Quilt binding is the finishing touch to your quilt. Once your quilt top is pieced and quilted it's ready for you to sew on a binding... or is it? Here are a few steps you'll want to take to successfully bind your quilt.
Trimming Borders after Quilting
When you're finished quilting you should even up your quilt edges, as borders can stretch quite badly during the quilting process.

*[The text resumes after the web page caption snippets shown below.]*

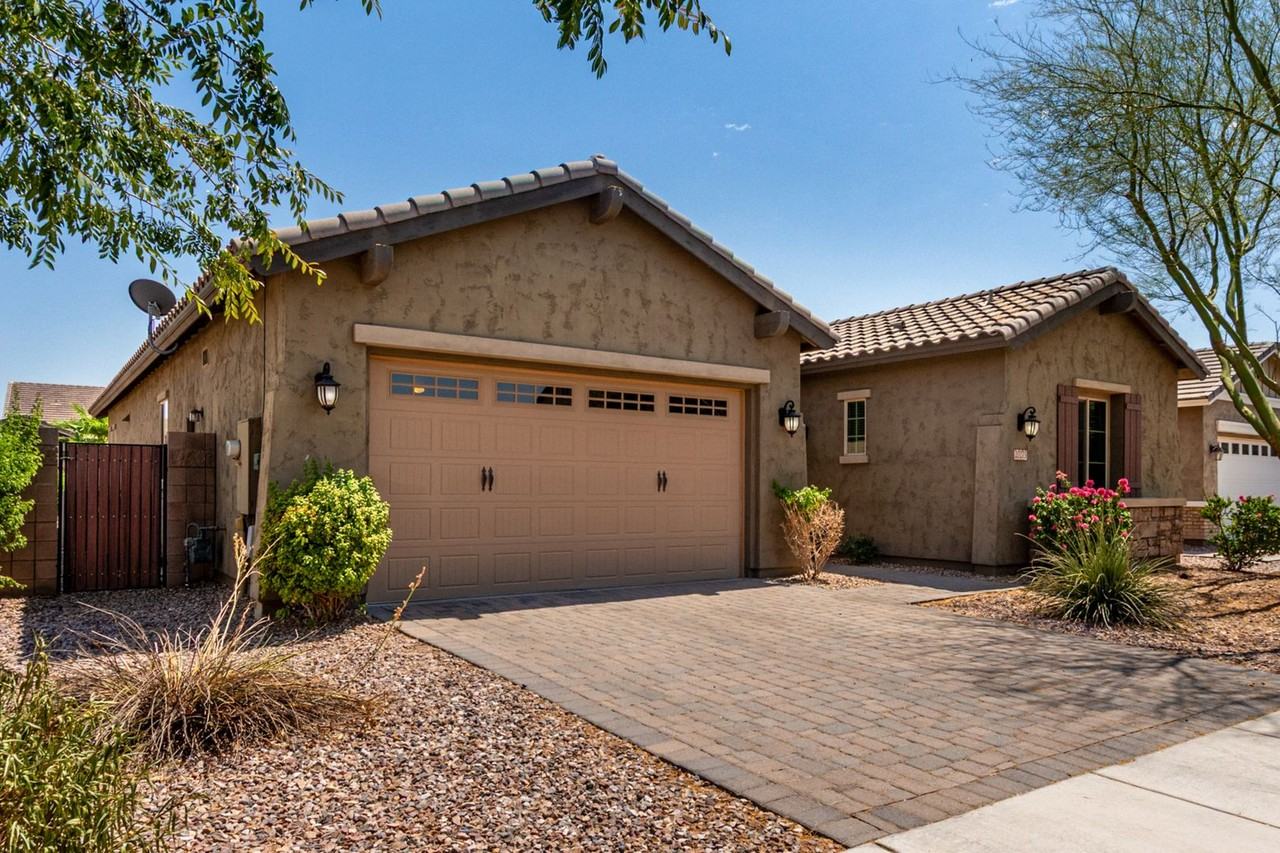 20273 E Raven Dr - Photo 5 of 38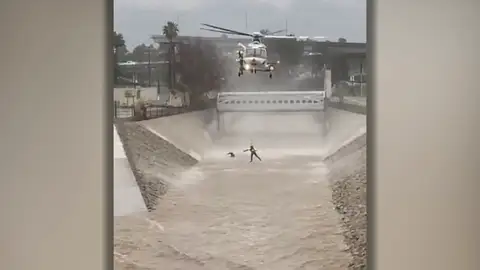 Rescate de un hombre en Los Ángeles Rescate de un hombre en Los Ángeles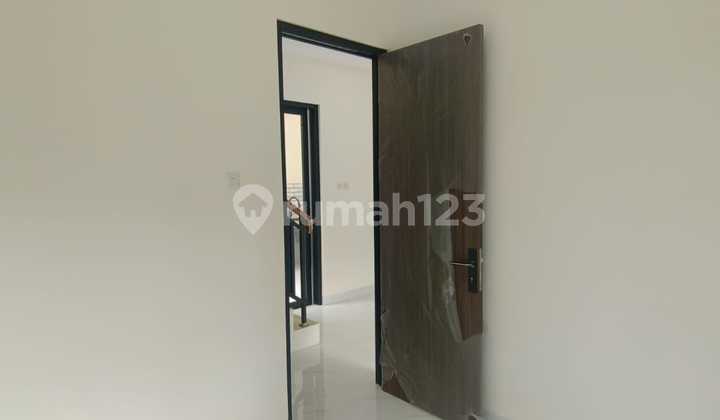 House, 2 Floors in Jagakarsa Near Important Facilities 2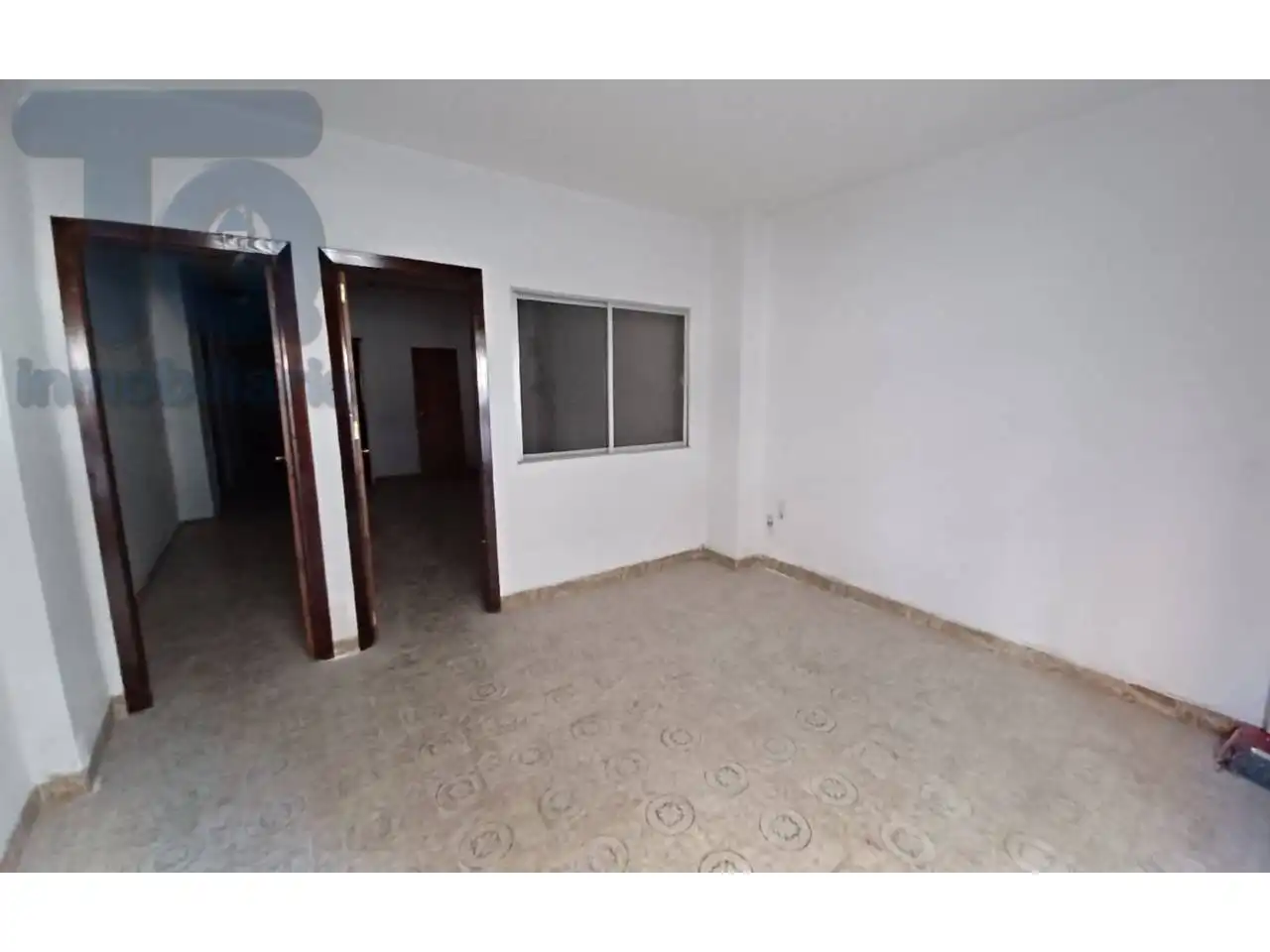 Schlafzimmer von Geschaftsraum zum Verkauf in Granada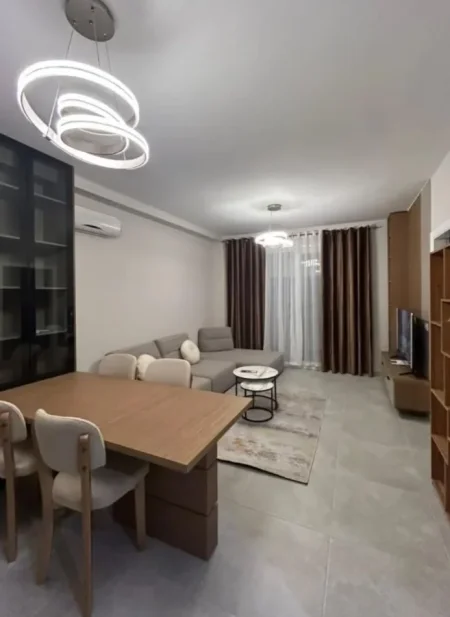 Tirane, jepet me qera apartament 1+1 Kati 12, 69 m² 518 € (Yzberisht prane pasticeri Nela)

Use your long 6½” ruler, lay the edge of ruler in the last seam line and find a measurement you desire to use and mark with marking pencil on outside edge of your quilt. We recommend the Karisma pencil for marking as it glides smoothly on fabric. Trim back to this pencil line.
Measuring Your Quilt
Using a tape measure, measure the length of your quilt in three places – centre, left side and right side. Make a note of these measurements.
Let's pretend we measure a quilt and what we have is: Left = 68 ½”, Centre = 67 ¾” and Right = 68 ¼”. Your binding for the quilt should be the same as the smallest measurement. So you now know you need to make your left and right hand borders 67¾” long.

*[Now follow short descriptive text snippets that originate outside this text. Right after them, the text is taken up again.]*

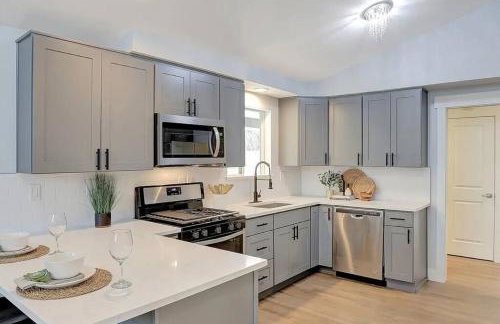 Stunning Single Level Home w/ Outdoor Spa Jacuzzi! - Foto 10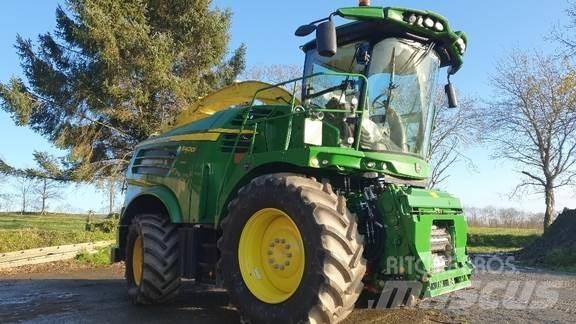 John Deere 8400 Pašarų kombainai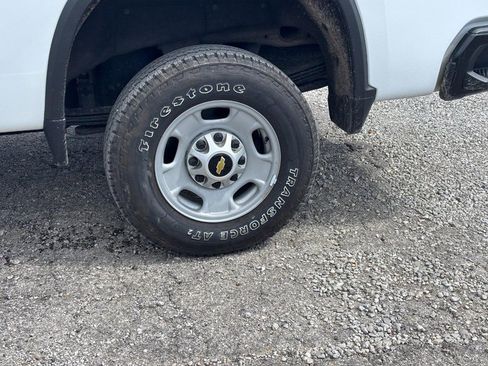 Used 2020 Chevrolet Silverado 2500 W/T w/ WT Convenience Package AWD/4WD image 12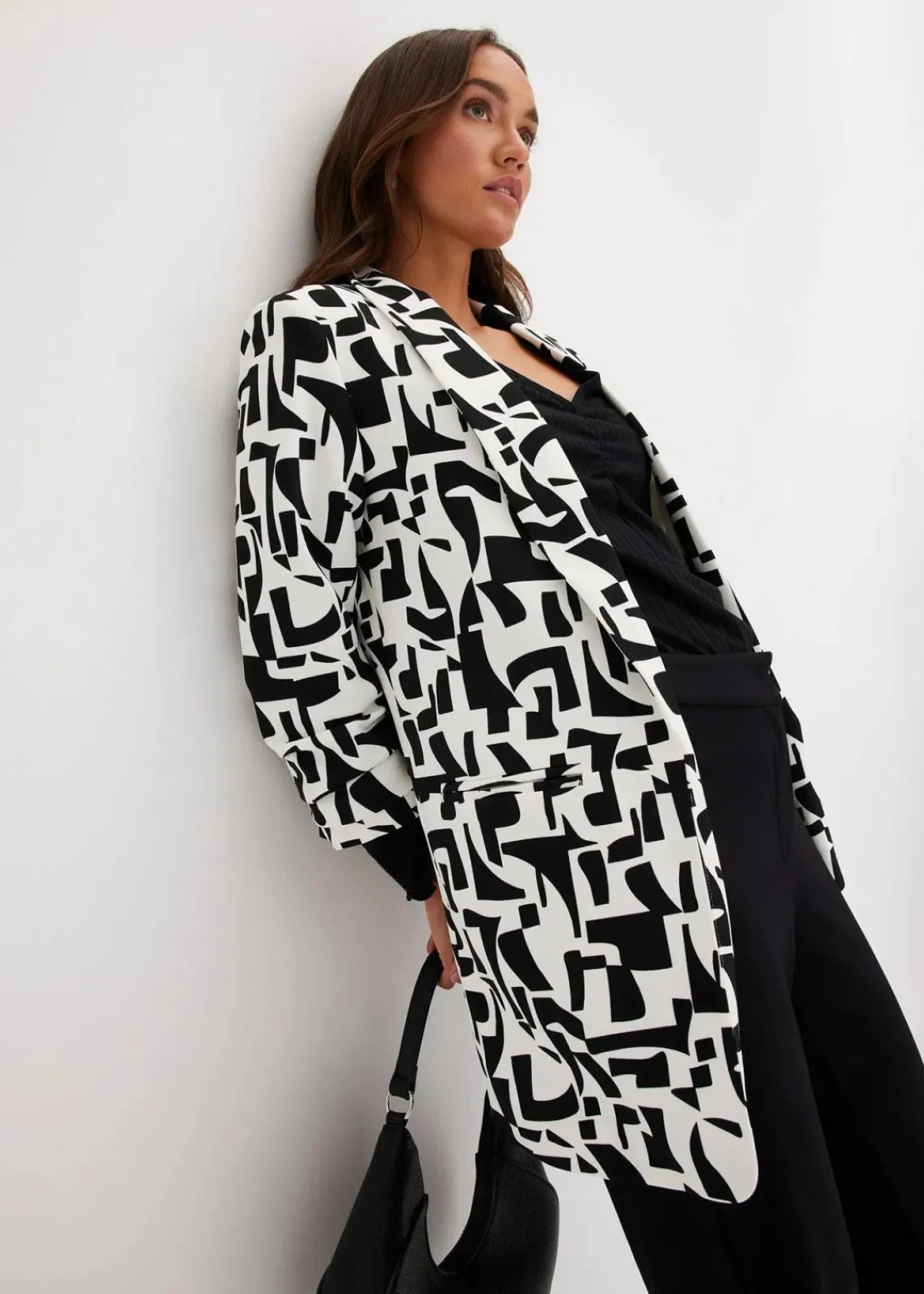 bonprix Bekleidung·Basics|Blazer^bedruckter Longblazer weiß/schwarz graphisch bedruckt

Next measure the width of your quilt in the same way and write the measurements down. Our pretend quilt has these measurements: Top = 43 ½”, Centre = 43” and Bottom = 44”. This means the binding for the top and bottom needs to be made 43” long.
Adjusting Border
Now that you know what size to make your binding you need to adjust your border. To do so find the half way and the quarter location of your quilt and mark with pins.
Using a sewing needle and thread, start from the middle. Wrap the thread around the centre pin in a figure 8. Now run a small gathering stitch to the next pin, unthread needle and re-thread. Wrap around next pin in figure 8 as before, repeat to end. Then repeat from centre out in the opposite direction.

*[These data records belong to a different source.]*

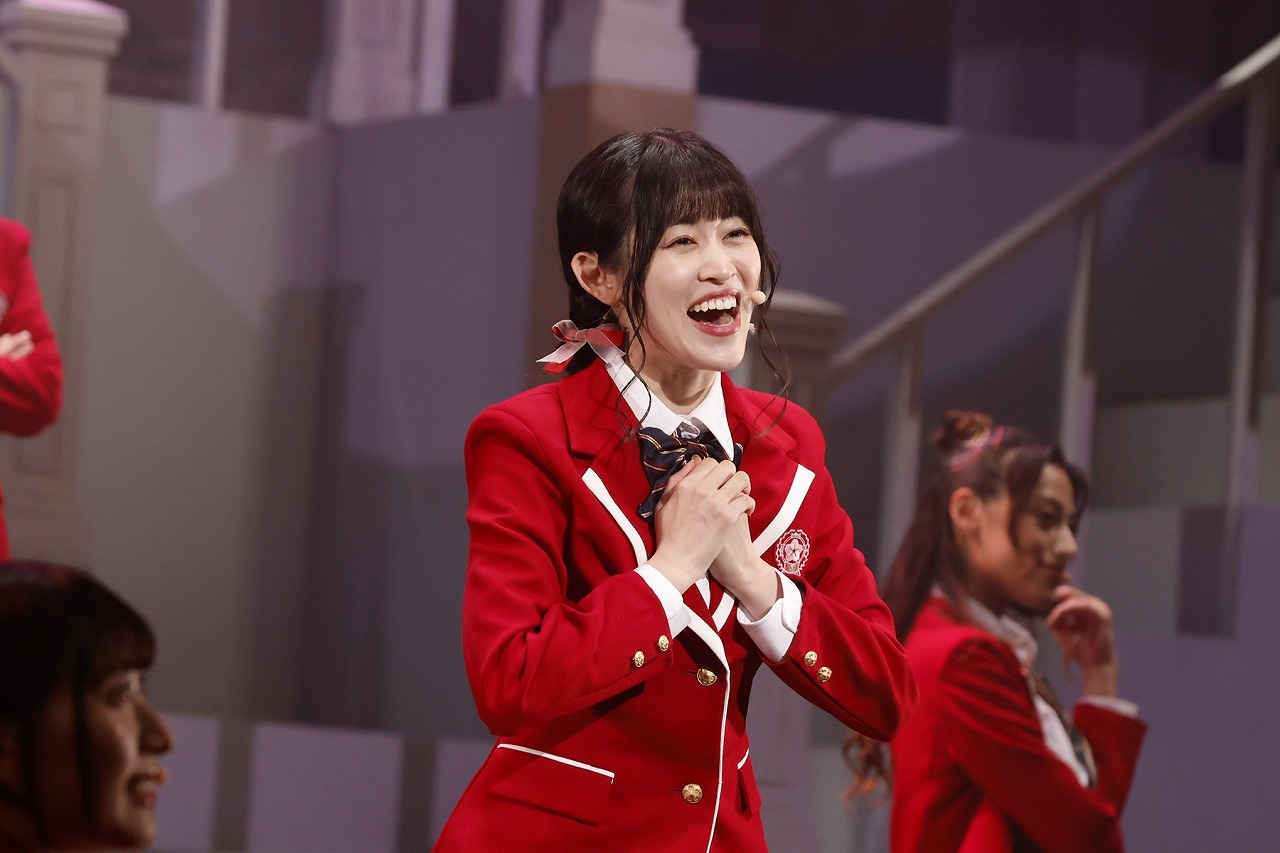 鈴賀レナ役：鈴木まゆり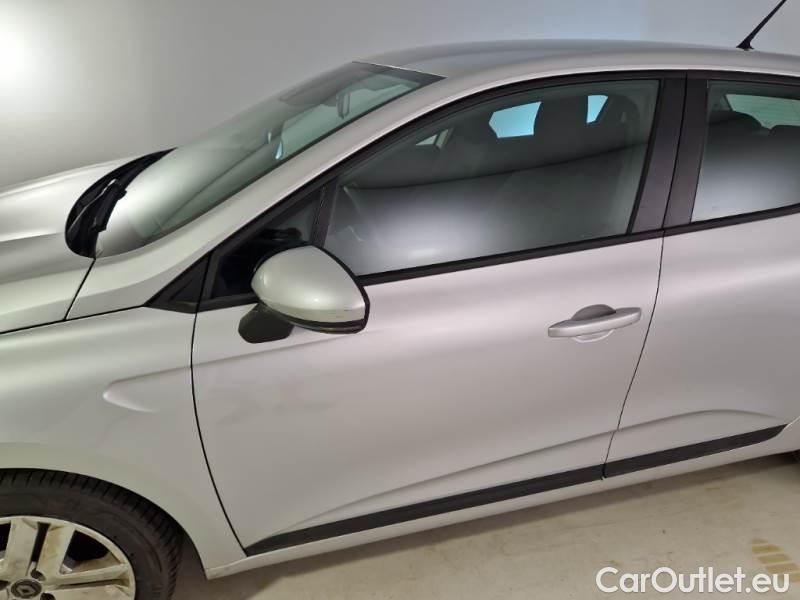 Renault  Clio RENAULT  / 2019 / 5P / BERLINA 1.5 DCI BLUE 74KW BUSINESS #58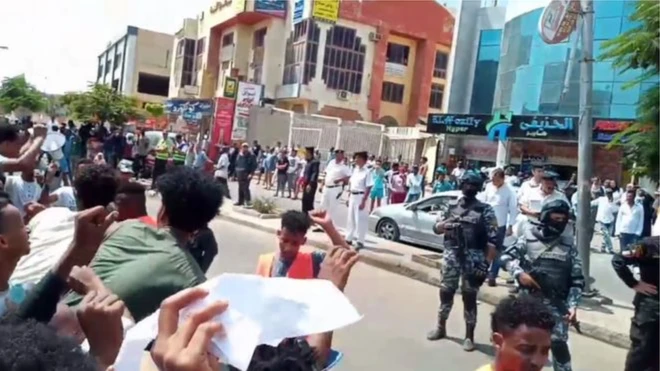 ተቓውምኦም ዘስምዑ ስደተኛታት ኣብ ካይሮ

You now use each of these threads to pull your border into the chosen measurement (67 ¾”), repeat on other side. Repeat on top and bottom until this measurement is 43”. When you pull up each section, wrap the thread around the pins in a figure 8, this will hold the threads very secure while you stitch the binding on.
Preparing the Binding
Cut your binding 2 ½” wide across the width of the fabric. The length you need is twice the length and twice the width of your quilt plus ten inches. The extra ten inches accomodates all the joins, and the start and finish.
For this example you would have:
67¾”+67¾”=135½” and 43+43”= 86” for a total of 221½”
Plus the additional 10" for a grand total of 231½” of fabric.
How much fabric do I need to buy?
We know we need to make our binding 231½” long. To calculate how much fabric you require, depends on the wide of the fabric. We'll use 42" for our calculation as it is a common width for quality quilt fabric.
Required length divided by width of fabric equals the number of strips you'll cut. For our example: 231 1/2"/ 42 = 6 strips
So we'll be cutting six strips 2 1/2 inches wide. There's just one more quick calculation to make. The number of your strips times the width of the strip.
6 x 2.5" = 15"
If your quilt shop sells fabric by the meterage you'll want to convert from inches to centimetres. You can use an online conversion tool to do the math for you or multiply by 2.54.
For our example we need 15" of fabric, which is equivalent to 38.1 cm. Therefore we'll purchase 40cm of fabric for our binding.
Making the Binding
Sew all your 2½” strips together into one continuous length, using a 45º angle join. Trim seams and press open. Fold one end of binding strip over at a 45º angle and fold and press the entire binding fabric in half down the length, wrong sides together.
Adding the Binding
On most quilts you'll stitch your binding to the top side of the quilt. Begin at the center of one edge of your quilt top. Place the binding so its raw edges meet the raw edges of the quilt.
Stitch through all layers using a ¼” seam. Stitch to a quarter inch from the corner and turn the corner. To do so leave the needle in the down position, lift the presser foot, rotate the quilt, lower the presser foot and backstitch ¼”, fold the binding back to the corner so that the folded edge is at the top and the raw edge lines up with the raw edge of the quilt. Repeat this process at each corner.
Turn your binding to the back of quilt and hand stitch using a blind hem stitch. Don’t forget to add a label to masterpiece.